From the Michigan Agency for Energy press release on Tuesday:
High winds and waves in the Straits of Mackinac today has prompted Enbridge Energy to temporarily suspend operation of its Line 5, meeting one of the provisions in a recent agreement between the State of Michigan and Enbridge aimed at safeguarding the Great Lakes.Wave heights reached more than nine feet in the Straits, according to the NOAA Great Lakes Coastal Forecasting System (GLCFS) Nowcast model. The agreement between the State and Enbridge Energy Partners calls for the discontinuation of Line 5 operations in the Straits during sustained adverse weather conditions where wave heights reach more than eight feet.
Enbridge told the State that Line 5 was shut down at 11:37 a.m. Tuesday, adding that the company would restart the pipeline when conditions improve.

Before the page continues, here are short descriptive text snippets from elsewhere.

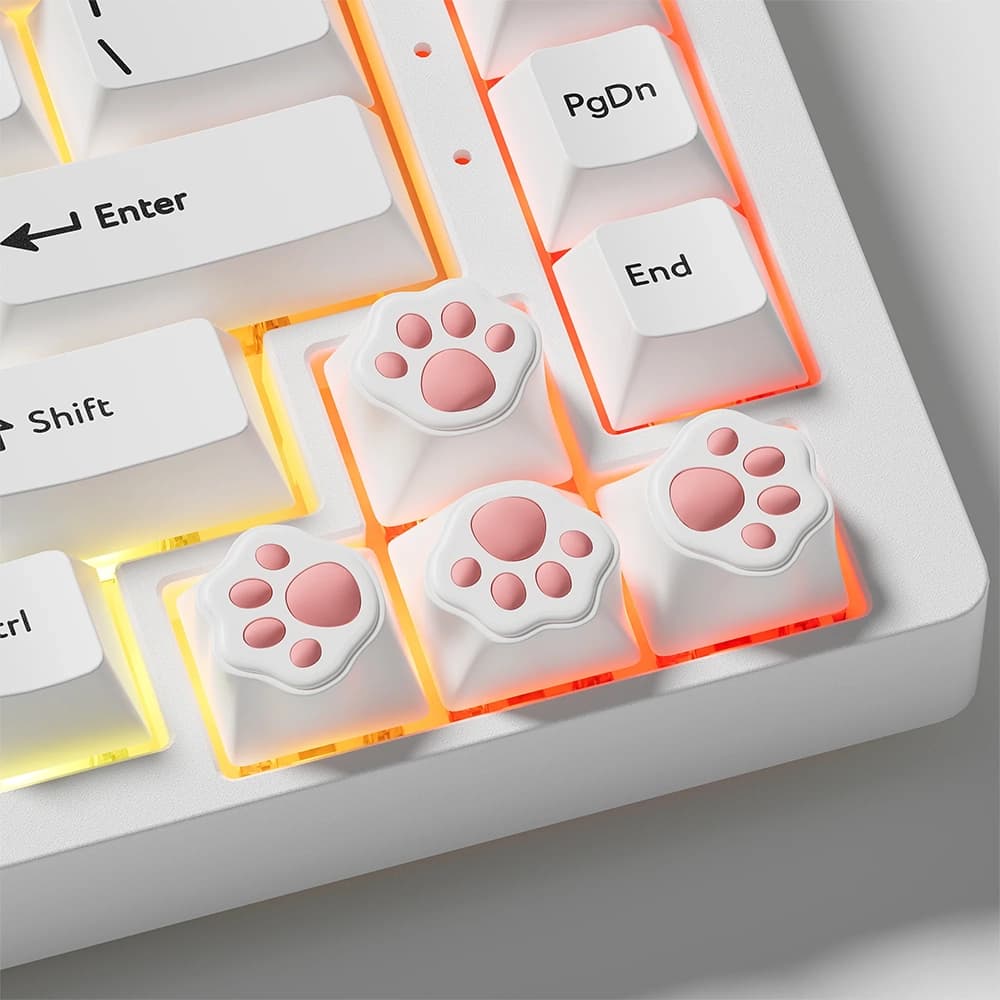 XVX Cat Paw Silicone Keycaps Close-up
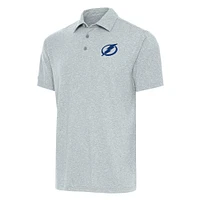 Men's Antigua Heather Tampa Bay Lightning Big & Tall Par 3 Polo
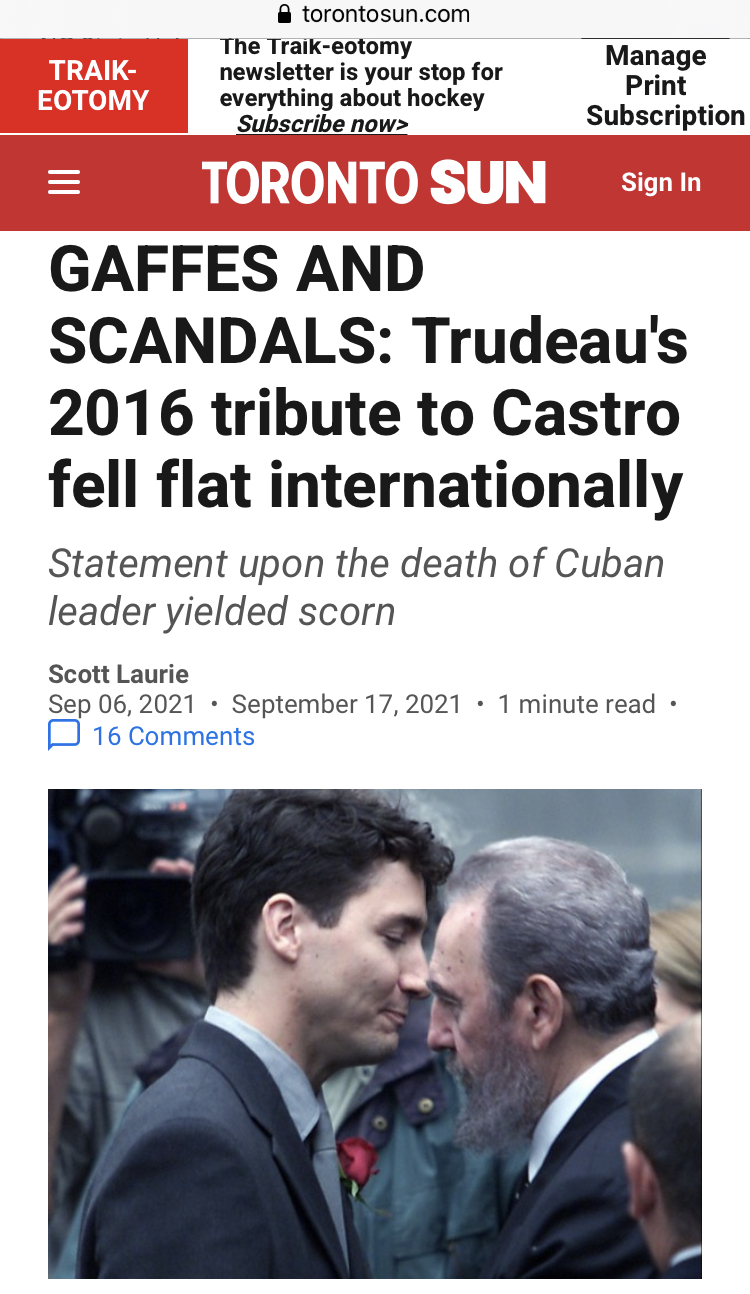 Justin Trudeau Must Take A DNA Test To Prove He Is The Son Of Fidel Castro 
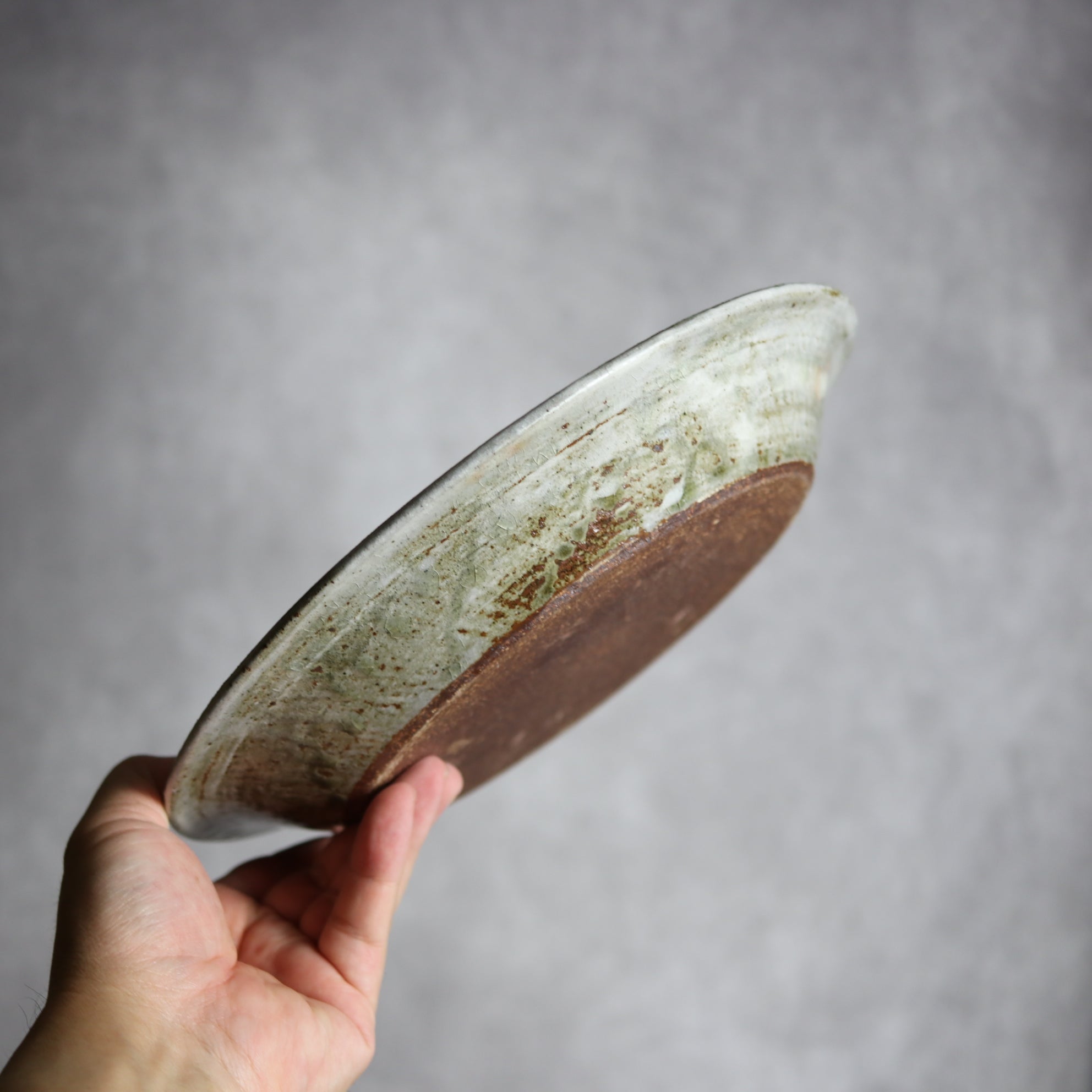 8寸リム平皿2 白 やちむん 陶器 森製陶所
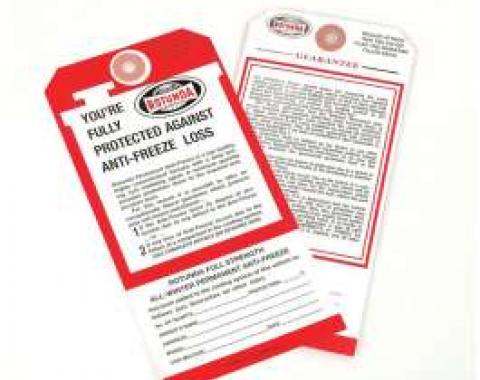 Rotunda Antifreeze Tag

“The purpose of the State’s agreement with Enbridge was to find practical solutions to concerns we had about the operation of Line 5 and the safety of the Great Lakes,” said Valerie Brader, executive director of the Michigan Agency for Energy. “Enbridge’s action today shows the steps outlined in the plan will have immediate and long-term positive outcomes.”
Besides weather-related suspensions of the operation of Line 5, Enbridge must also -- under the Nov. 27 agreement -- conduct a study of the feasibility of placing a new pipeline or the existing dual pipelines in a tunnel in the Straits, assess the installation of underwater technologies to better monitor Line 5, study ways to mitigate the risk of a vessel anchor damaging the Straits pipeline, and evaluate measures to minimize the likelihood of a spill at the approximately 245 bodies of water Line 5 crosses in Michigan.

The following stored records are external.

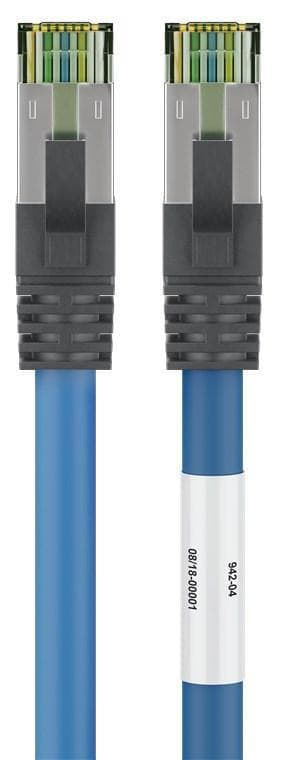 CAT 8.1 Patchkabel, S/FTP (PiMF), blå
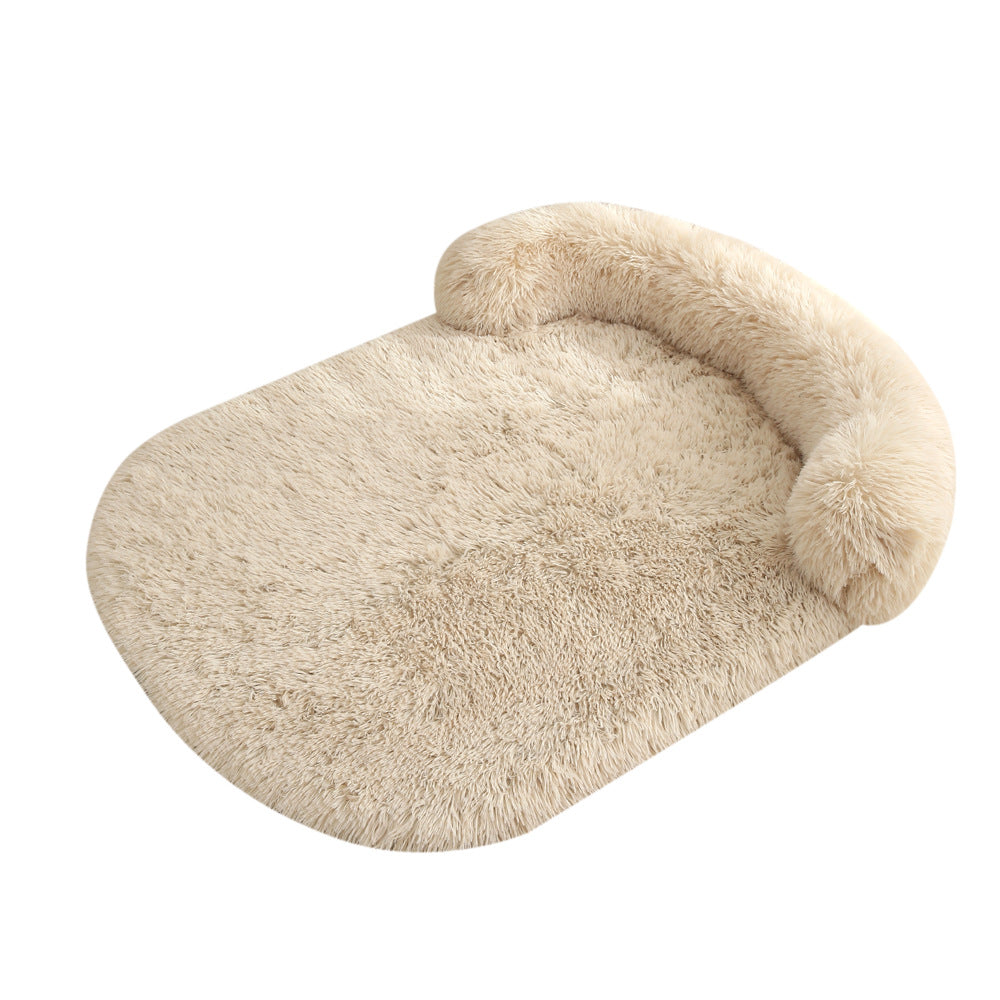 Plush Pet Bed Warm Cushion For Comfortable Sleep And Rest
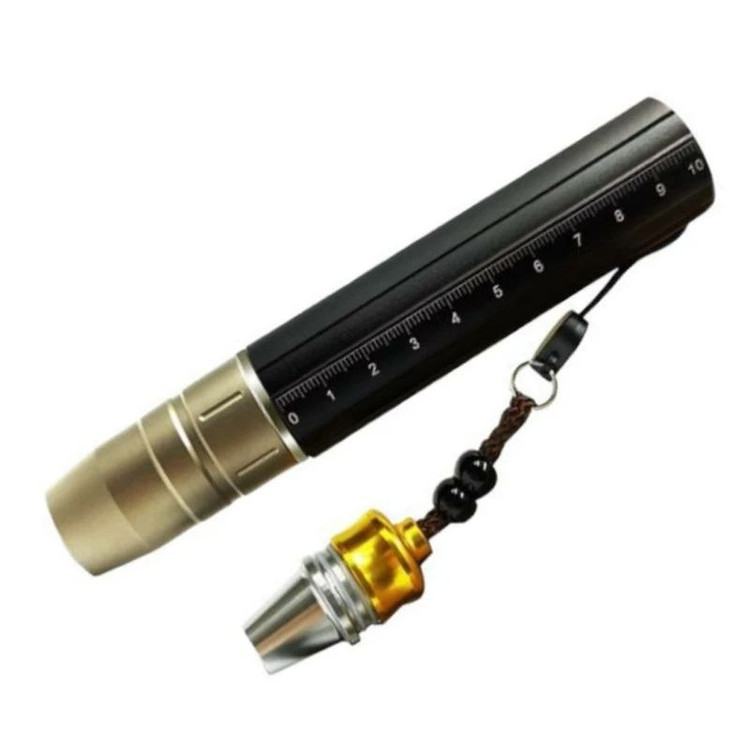 چراغ قوه UV یووی اسمال سان مدل ZY-100C اصلی سهنور با اشعه فرابنفش 365 نانومتر، نور سفید و آفتابی مناسب برای سنگشناسی، تشخیص فلورسانس، بررسی اسکناس و طبیعتگردی
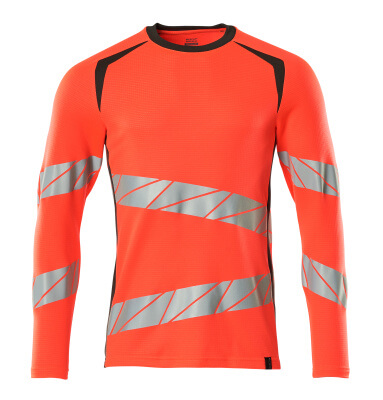 Mascot Accelerate safe Shirts 19081-771 fluo rood-donker antracietgrijs(22218)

Demand our representatives not just oppose its continued existence but show a little moxie and take a stand by calling out a few colleagues to show their hand or even get real brave and call out a few in your own party for pity’s sake.
Of all the little and large political machinations the folks in Lansing weave their way through playing their perpetual political games, this one is the real deal. There is no place on earth like the Great Lakes and anyone with any voice who fails to use it to save our shores may endear himself to a group of lobbyists or corporate types or party leaders to be sure but please, don’t insult our intelligence by pretending to be anything other than easily manipulated or cursed with cowardice.

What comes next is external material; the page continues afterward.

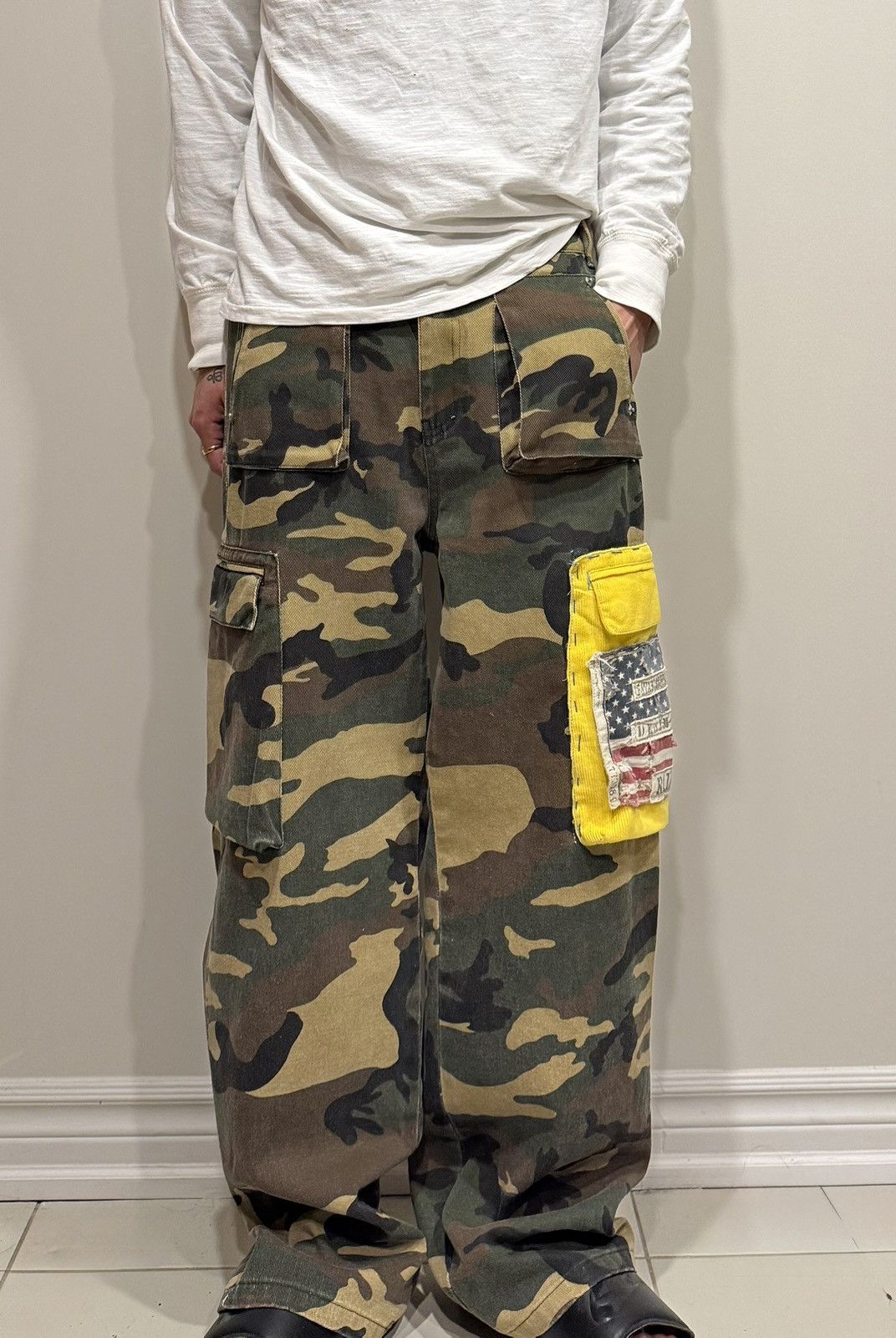 Other CUSTOM BAGGY CAMO CARGOS | Grailed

Here’s the skinny on feedback sessions. The first took place in Taylor today (Wednesday).
Public feedback sessions on final Line 5
Alternatives Analysis begin Wednesday
Public feedback sessions regarding the final independent Alternatives Analysis report on the Straits of Mackinac Line 5 pipeline begin this week.
Who: The Michigan Agency for Energy, Michigan Attorney General’s Office, Michigan Department of Environmental Quality, and Michigan Department of Natural Resources.
When and Where:
Why: The events are an opportunity for the public to suggest the next steps the State should take regarding Line 5 based on the information in the final version of the Alternatives Analysis. The report by independent contractor Dynamic Risk Assessment Systems, Inc. analyzed alternatives to using Line 5, owned by Enbridge Energy Partners, L.P., to transport light crude oil and natural gas liquids from Superior, Wisc., through the Straits of Mackinac to Sarnia, Canada. The final report incorporates some changes by Dynamic Risk, as well as some of the public comments that were offered on the draft version of the report.